> _Try it_
Please return every record exactly as written, leaving out the pictures.

..........

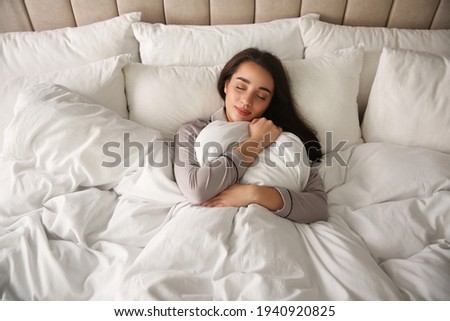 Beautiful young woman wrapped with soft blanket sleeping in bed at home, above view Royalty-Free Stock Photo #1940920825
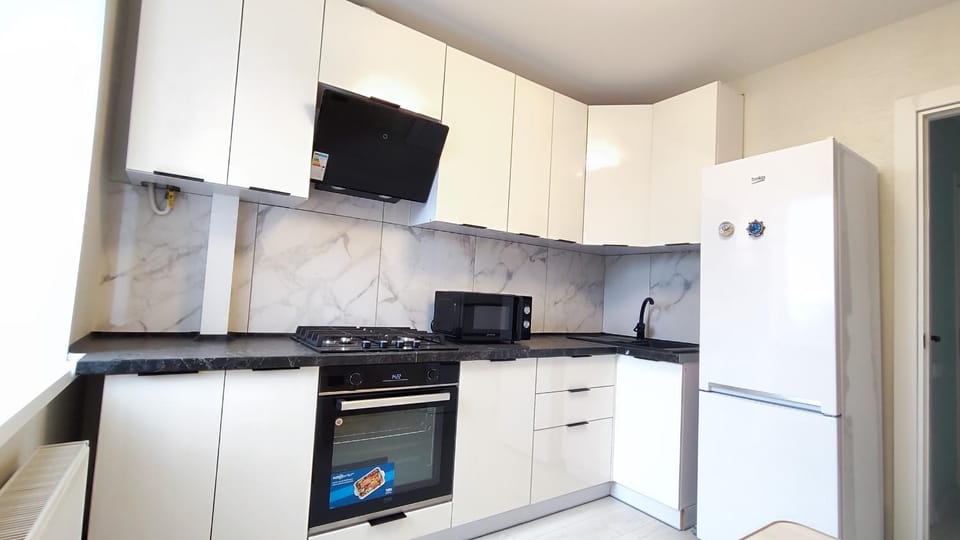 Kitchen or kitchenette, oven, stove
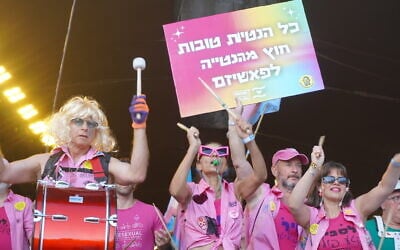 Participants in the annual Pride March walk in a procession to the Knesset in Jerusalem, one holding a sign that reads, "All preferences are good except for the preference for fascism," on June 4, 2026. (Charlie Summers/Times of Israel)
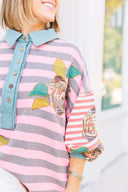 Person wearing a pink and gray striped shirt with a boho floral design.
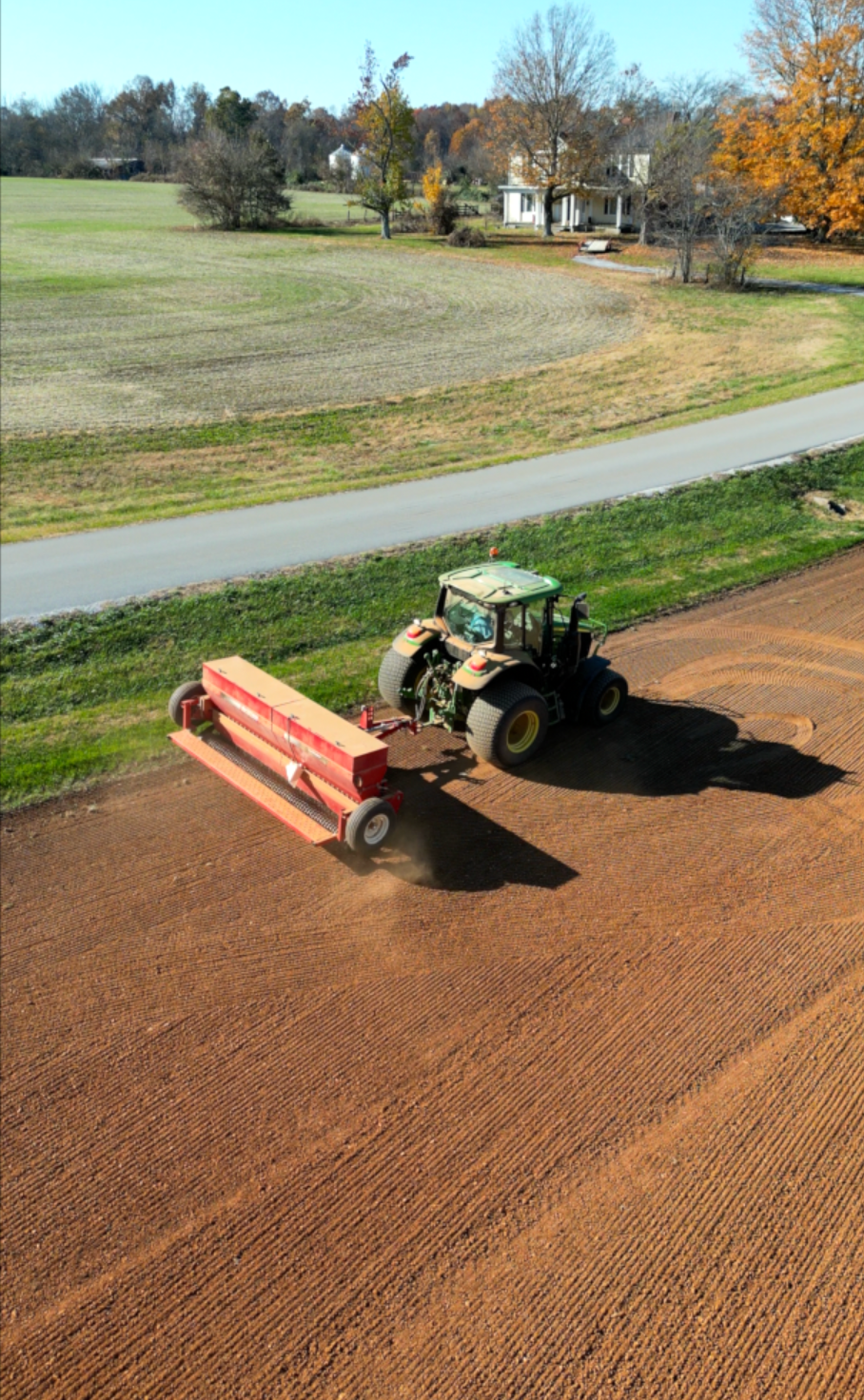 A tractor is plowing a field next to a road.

..........

> _Exercise result_
 Beautiful young woman wrapped with soft blanket sleeping in bed at home, above view Royalty-Free Stock Photo #1940920825
 Kitchen or kitchenette, oven, stove
 Participants in the annual Pride March walk in a procession to the Knesset in Jerusalem, one holding a sign that reads, "All preferences are good except for the preference for fascism," on June 4, 2026. (Charlie Summers/Times of Israel)
 Person wearing a pink and gray striped shirt with a boho floral design.
 A tractor is plowing a field next to a road.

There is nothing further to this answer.